En las últimas semanas, el nombre de Pere Navarro no solo ha estado ligado a las balizas V-16 o a las nuevas decisiones de la Dirección General de Tráfico (DGT). También han vuelto a circular con fuerza algunos rumores recurrentes: que no sabe conducir, que nunca coge el coche o que vive completamente alejado de la realidad del volante. Un relato que, desde su entorno, consideran injusto y simplista.

Por eso, el máximo responsable de Tráfico ha decidido romper el silencio y hacerlo en un escenario muy concreto: una entrevista en EL PAÍS, un medio tradicionalmente percibido como cercano al Gobierno y, por tanto, un espacio cómodo para lanzar un mensaje controlado y sin estridencias. El objetivo no es casual: desactivar el ruido, aclarar su relación personal con la conducción y desmontar la idea de que quien dirige la DGT vive completamente desconectado del automóvil.


“Nunca he perdido un punto”: una respuesta directa

Una de las frases más repetidas tras la entrevista ha sido clara y directa: “Nunca he perdido un punto del carné”. Con ella, Pere Navarro busca poner fin a la caricatura de un director de la DGT incapaz de cumplir las normas que exige al resto. Eso sí, añade un matiz que también dice mucho de su realidad diaria: “No tiene mérito porque conduzco poco”.

La frase, leída en contexto, no pretende presumir, sino marcar distancia con el mito. Navarro no niega que conduzca menos de lo habitual, pero tampoco acepta la idea de que no sepa conducir o de que nunca se ponga al volante.


Coche oficial, chófer… y contacto con la calle

Es cierto que Pere Navarro dispone de coche oficial y chófer, algo lógico por su cargo. Pero también puntualiza quiénes son esas personas que conducen para él: guardias civiles en segunda actividad, muchos de ellos con años de experiencia patrullando carreteras en moto. Según Navarro, ese contacto diario con profesionales de tráfico le permite escuchar, aprender y no perder el pulso de la calle.
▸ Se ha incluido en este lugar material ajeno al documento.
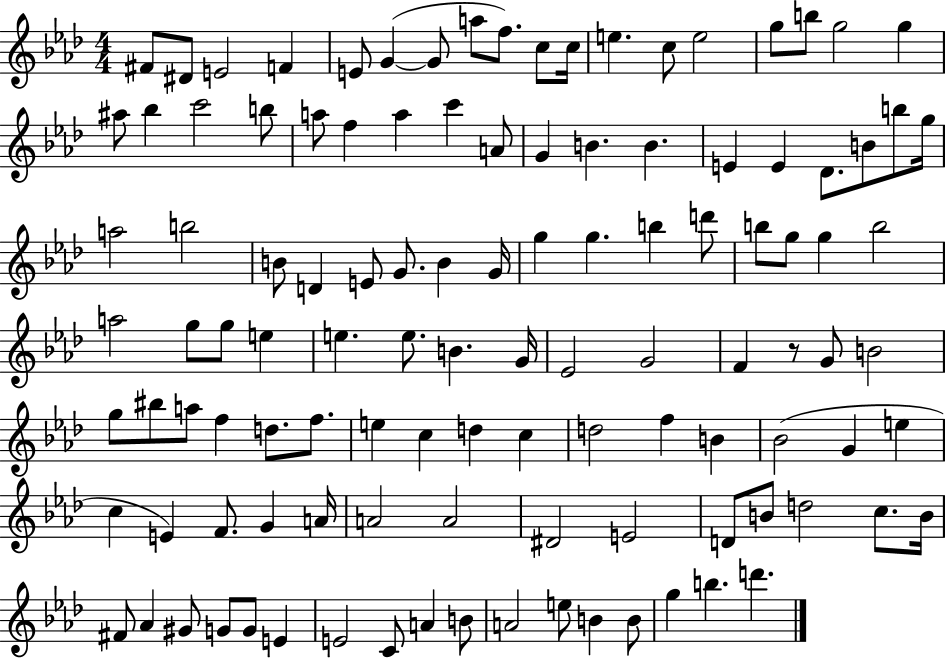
F#4/e D#4/e E4/h F4/q E4/e G4/q G4/e A5/e F5/e. C5/e C5/s E5/q. C5/e E5/h G5/e B5/e G5/h G5/q A#5/e Bb5/q C6/h B5/e A5/e F5/q A5/q C6/q A4/e G4/q B4/q. B4/q. E4/q E4/q Db4/e. B4/e B5/e G5/s A5/h B5/h B4/e D4/q E4/e G4/e. B4/q G4/s G5/q G5/q. B5/q D6/e B5/e G5/e G5/q B5/h A5/h G5/e G5/e E5/q E5/q. E5/e. B4/q. G4/s Eb4/h G4/h F4/q R/e G4/e B4/h G5/e BIS5/e A5/e F5/q D5/e. F5/e. E5/q C5/q D5/q C5/q D5/h F5/q B4/q Bb4/h G4/q E5/q C5/q E4/q F4/e. G4/q A4/s A4/h A4/h D#4/h E4/h D4/e B4/e D5/h C5/e. B4/s F#4/e Ab4/q G#4/e G4/e G4/e E4/q E4/h C4/e A4/q B4/e A4/h E5/e B4/q B4/e G5/q B5/q. D6/q.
“No aprendo de los generales, aprendo de ellos”, viene a decir entre líneas, reforzando la idea de que su visión de la seguridad vial no nace solo del despacho.


Sí tiene coche: un Fiat 500

Otro de los rumores habituales es que Pere Navarro no tiene coche propio. También aquí la entrevista sirve para cerrar el debate. El director de la DGT reconoce que es propietario de un Fiat 500, un coche pequeño, urbano y sencillo. No entra en detalles técnicos ni en el año exacto, pero deja una reflexión significativa:
“Hoy todos los coches funcionan bien; guíate por la estética, el precio y la seguridad”.

No es una frase inocente. Es una manera de rebajar el aura aspiracional del coche y presentarlo como lo que él defiende desde hace años: una herramienta, no un símbolo.


Metro, ciudad y coherencia discursiva

Navarro también insiste en que se mueve habitualmente en metro, destacando el nivel del transporte público de Madrid. Esta afirmación, lejos de contradecir lo anterior, refuerza su mensaje político y técnico: menos dependencia del coche privado, especialmente en entornos urbanos.

En el fondo, la entrevista busca alinear discurso y vida personal. Navarro no niega su apuesta por reducir el protagonismo del coche, pero quiere dejar claro que eso no significa desconocimiento ni incapacidad para conducir.


EL PAÍS como altavoz elegido

No pasa desapercibido que esta aclaración llegue a través de EL PAÍS, un medio considerado por muchos como afín o cercano al Ejecutivo. Elegir este canal permite a Pere Navarro explicar su versión sin confrontación, en un entorno favorable y con un tono más humano que político.

El mensaje final es claro:
Pere Navarro sabe conducir, tiene coche, conserva todos los puntos del carné y, aunque use poco el volante, no es el personaje desconectado de la realidad que algunos dibujan. La entrevista no cambia las políticas de la DGT, pero sí busca algo igual de importante para él: controlar el relato.